But these are only the stars in our galaxy a galaxy is a vast gathering of usually billions of stars. The galaxy in which we live is called the Milky Way. So let’s expound further.

The closest galaxy to ours is the Andromeda Galaxy. Its distance from us is approximately 2.31 million light years away. Imagine, over two million light years away.

Scientists estimate there are billions of galaxies, each of them loaded with billions of stars. Galaxies tend to group together. Andromeda Galaxy and our Milky Way are part of a cluster of at least thirty galaxies. Other clusters could contain as many as thousands of galaxies.

The Guinness Book of World Records states that in June 1994 a new group of cocoon-shaped clusters of galaxies was discovered. The distance across this group of galaxies was calculated at six hundred fifty million light years.

The Guinness Book of World Records also states that the most remote object ever seen by man appears to be over 13.2 billion light years away. Our finite minds cannot even begin to comprehend distances this immense. We’ve yet to glimpse the ends of the galaxy clusters let alone the end of the universe.

Yet, Scripture says that God,


“He stretched out the heavens like a curtain,
And spreads them out like a tent to dwell in.”

(Isaiah 40:22; 42:5; 44:24; Psalm 104:2; Jeremiah 10:12)


Pondering...

How much effort does it take to draw back your curtains in the morning?




If your curtains are like mine, it hardly takes any effort at all. Imagine, God stretched out the heavens, more than 13.2 billion light years (that’s roughly 836,160,000,000 miles x 13.2 billion). And this is just Him opening the curtains into the vastness of who He is!




“Anybody who still thinks the sky is the limit has no imagination.” [iii]
—Saturday Evening Post




[i] John Bev.ere, The Fear of the Lord, Lake Mary, Florida: Creation House, 1997, 25-27
[ii] Tan, P. L. 1996, c1979.
[iii] Tan, P. L. 1996, c1979.

Wednesday, January 18, 2006

Called by Name




“By the word of the LORD were the heavens made,
their starry host by the breath of his mouth.”
(Psalm 33:6)

“Lift your eyes and look to the heavens:
Who created all these? He who brings out the starry host one by one,
and calls them each by name.
Because of his great power and mighty strength,
not one of them is missing.”

(Isaiah 40:26 NIV)

“He counts the number of the stars; He calls them all by name.
Great is our Lord, and mighty in power;
His understanding is infinite.”
(Psalm 147:4-5)

Have you ever looked up into the night sky and wondered just how many stars there are in space? This question has fascinated scientists as well as philosophers, musicians and dreamers throughout the ages.

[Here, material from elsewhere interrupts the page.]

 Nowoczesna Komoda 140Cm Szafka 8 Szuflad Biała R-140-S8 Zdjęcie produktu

Look into the sky on a clear night, out of the glare of streetlights, and you will see a few thousand individual stars with your naked eyes. With even a modest amateur telescope, millions more will come into view.[i]

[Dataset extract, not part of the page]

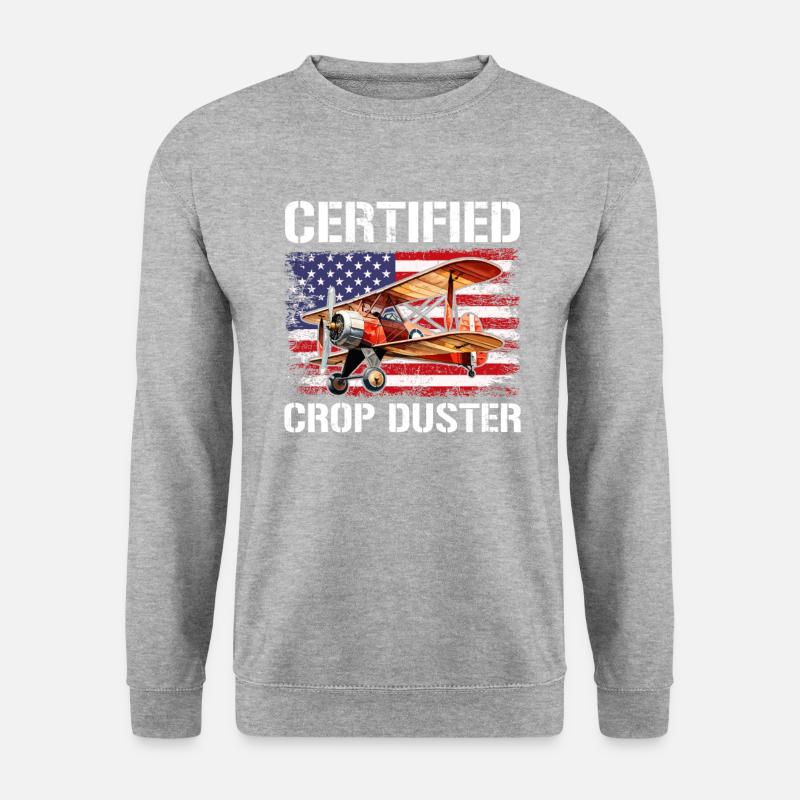certified crop duster - Unisex Pullover - Weißgrau meliert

So how many stars are there in the Universe? It is easy to ask this question, but difficult for
scientists to give a fair answer!

People have studied the mass distribution of stars in the galaxy. Further, one also knows the amount of light put out by each type of star. So, by measuring the total amount of light in the galaxy (called luminosity), and knowing the mass, one can estimate the number of stars that are there in the galaxy. So, even though we cannot actually count the number of stars in the galaxy, we can estimate the number of stars in the galaxy as roughly 100 billion (100,000,000,000).[ii]
I don’t know about you, but billion isn’t a number I typically use as a part of my vocabulary on a daily basis. So, how many are 100 billion? If we were to count 250 a minute—day and night—it would take us about 1,000 years to count to 100 billion. Multiply this by a few trillion, the probable number of galaxies. [iii]

Signs in the Heavens
***Stars are amazing things. Religions have been formed around them. Even today Astrology, Horoscopes and the New Age movement capitalize on them. Could the stars really be speaking to us trying to tell us something – something of the past, something of the present, even something of the future? Could God have designed them in such away to tell of His coming rule? Check out Appendix one. It contains some thought provoking ideas in regards to stars, astrology, astrological signs and the message of Christ.***



Ponder...

Have you ever felt small and overlooked by God? Think of the 100 billion stars in our galaxy alone. They are each numbered and named by God Almighty. None of them hare missing, how much more must He be attentive to us, who have His very Spirit dwelling inside!?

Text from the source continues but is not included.